One of the things which amazes us is this: most of us Jamaicans use Jamaican Creole most of the time; however, whenever many of us hear about the Jamaican Bible, for some reason or another, we associate the language, and hence the translation project, with vulgarity! This association was illustrated in one of our newspapers' editorial cartoons of a pastor reading, in absolute horror, the Jamaican translation of the Christmas Narrative. This is what the minister read: "An' memba de prophet sey de virgin a goh breed an' a bwoy pickney a goh bawn! Dem a goh call him JEEZAS..."

As one would expect, the congregation was equally horrified when they heard the word "breed"!

We are not aware of one speaker of Jamaican Creole who uses the Jamaican to express nothing but vulgarity. In fact, our impression is that we express vulgarity less than 5% of the time. It seems unreasonable, therefore, to conclude that the Jamaican Bible will be replete with vulgarity. Nonetheless, in order to put your fears to rest, the Bible Society assures you that:

"The text in Jamaican will not be loose, laughable, vulgar or slangy; at the same time, it will not be rigid and unnatural."

1 comment:

  1. Vulgarity can be and is expressed in any of the world’s 6000 + languages. But it is important to remember that what is vulgar is the use to which a language is being put by individual speakers and NOT the language itself. Jamaican Creole --up until now—has been limited to certain domains in Jamaican society (dub poetry, dance hall music, most informal and intimate conversations, etc.). In some of those domains, vulgarity is doubtless more common than in others, such as academic discourse, education, the press, serious literature and sermons, domains which in Jamaica have traditionally belonged to English. This can give the impression that Creole is used more frequently to express vulgarity.
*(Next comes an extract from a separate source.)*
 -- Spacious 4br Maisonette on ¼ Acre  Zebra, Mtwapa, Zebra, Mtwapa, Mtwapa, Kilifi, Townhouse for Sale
    But now Creole is acquiring a new domain, that of Scripture, and I have no doubt that Jamaica’s heart language will be found worthy of the task. And soon Jamaicans will hear the Bible in a new way, not in the language they learn in school, but in the one they learn at home, in the one that binds them in their Jamaicanness, the one that reminds them that they share a common history of agony and victory, the one they use in those warmer, less academic moments. And they will hear the Bible as they never have before.